• Given data
————

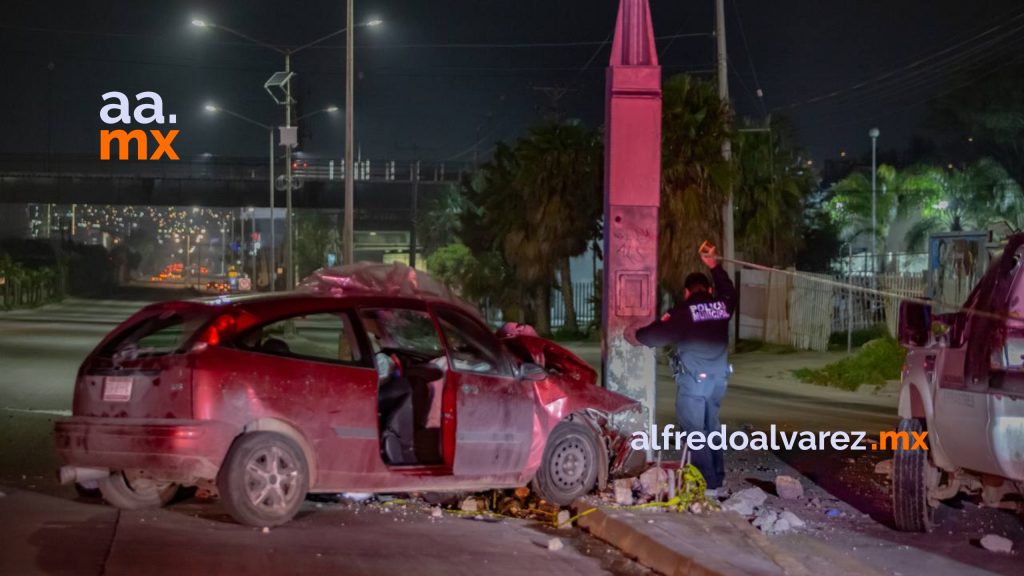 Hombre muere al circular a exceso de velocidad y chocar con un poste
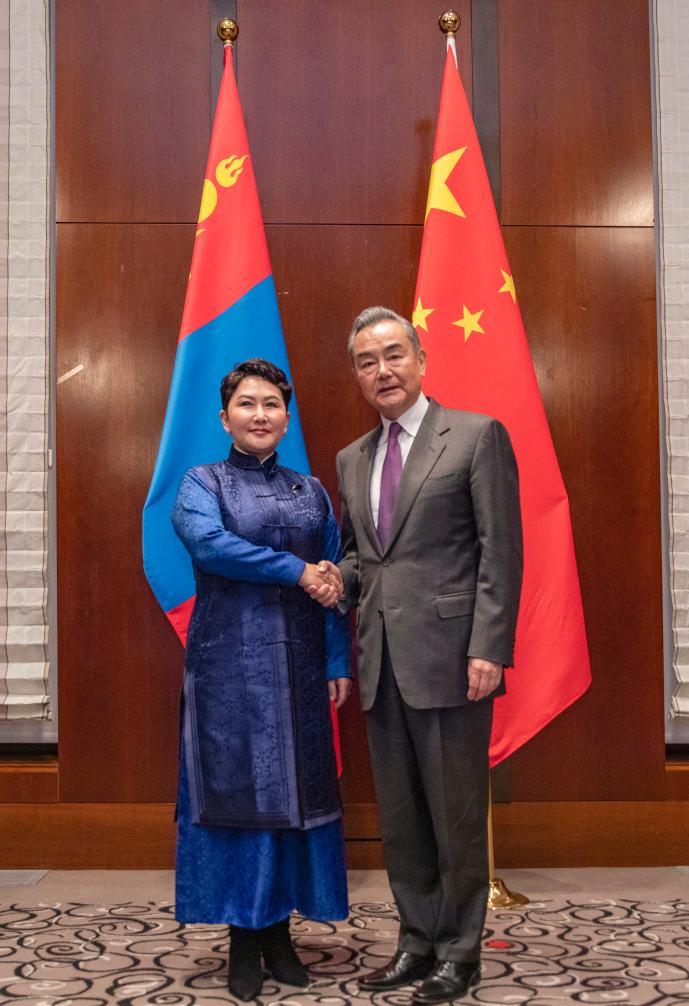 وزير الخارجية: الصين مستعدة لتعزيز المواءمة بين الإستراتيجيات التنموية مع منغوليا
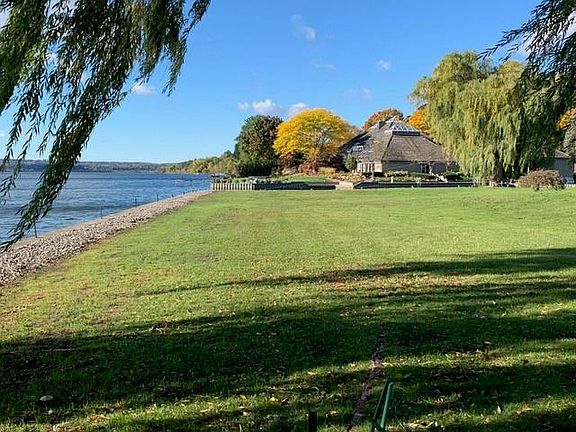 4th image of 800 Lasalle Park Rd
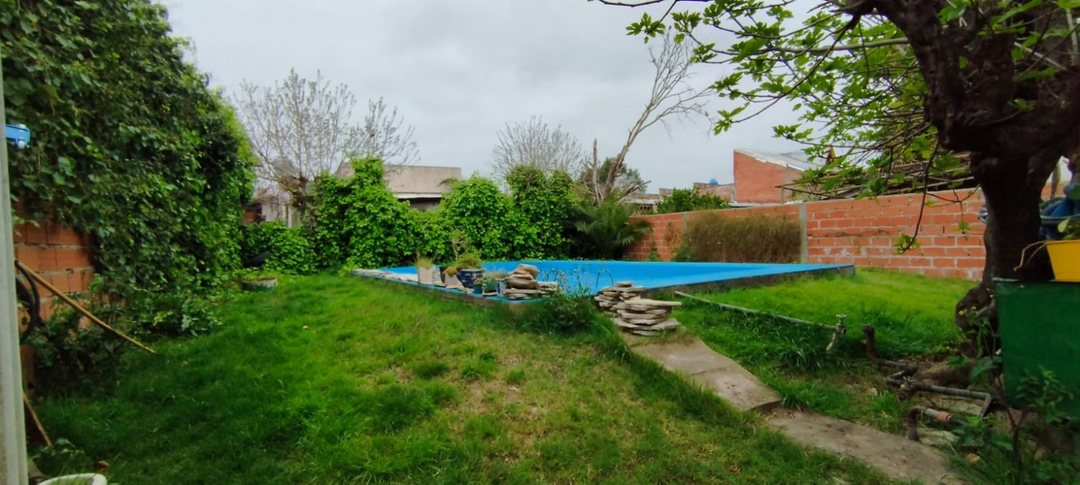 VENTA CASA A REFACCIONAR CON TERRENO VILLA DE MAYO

————

• Work item
Copy out all of the listing word for word, but skip the images.

• Task response
 Hombre muere al circular a exceso de velocidad y chocar con un poste
 وزير الخارجية: الصين مستعدة لتعزيز المواءمة بين الإستراتيجيات التنموية مع منغوليا
 4th image of 800 Lasalle Park Rd
 VENTA CASA A REFACCIONAR CON TERRENO VILLA DE MAYO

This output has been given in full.